Good thought Daniel.. yes I do but I've checked and the NAS MAC is
in the list.. not sure I'd be able to access it at all if it wasn't?
On 29/03/14 21:36, Daniel Robinson
wrote:
Just a thought... Do you use MAC filtering? Or CSM
On 29 Mar 2014 12:54, "Julian Hall" < linux@xxxxxxxxxxxx>
wrote:
On 29/03/14 10:23, Martijn Grooten wrote:
On Fri, Mar 28, 2014 at 11:22:12PM +0000, Julian Hall wrote:
What does /not/ work is the NAS being able to connect to
the
Internet to download or update any packages and I'm 90%
certain it's
a DNS problem as I had it previously when I had
accidentally put the
wrong DNS settings in.
Well, you can always check by trying to connect to an IP
address, such
as 173.194.34.160
(one of Google's IP addresses). If that works it's a
DNS issue, if it doesn't, could you run traceroute to that
same IP
address?
Not from the NAS unfortunately, at least not that I know of...
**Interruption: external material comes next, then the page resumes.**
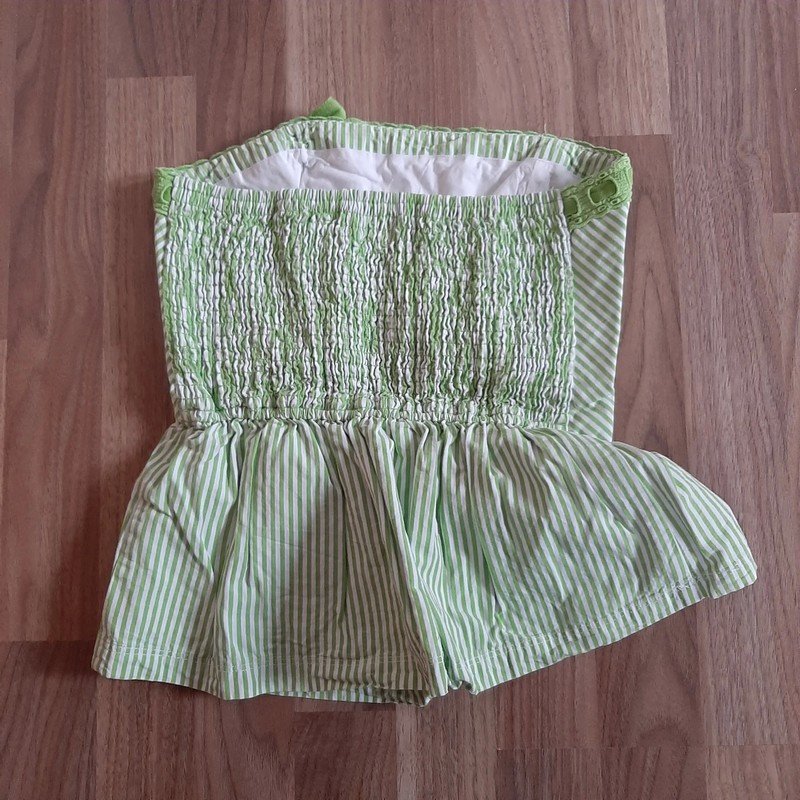 Gestreiftes Hollister Top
The current network setup is:
Router:
Gateway: 192.168.0.1
DHCP range 192.168.0.2/20
0.2-0.6 are assigned to specific MAC addresses.
NAS:
Gateway: 192.168.0.1
Prim DNS: 194.168.4.100
Sec DNS: 194.168.8.100
That seems fine to me. If you think it might be an issue
with these
particular DNS servers, you can always use Google's DNS
servers to check
(8.8.4.4 and 8.8.8.8).
However, are they the correct
DNS settings for the NAS as it now has the router sat
between it and
the modem?
I don't see why that should make a difference, as long as
the NAS can
reach those servers it sould be fine.
Martijn.
Thanks for the advice Martijn. I tried Google's DNS servers
and fetching new packages still hangs without connecting, so
it seems the NAS sees the network (obviously or it wouldn't
work at all) but can't see the Internet.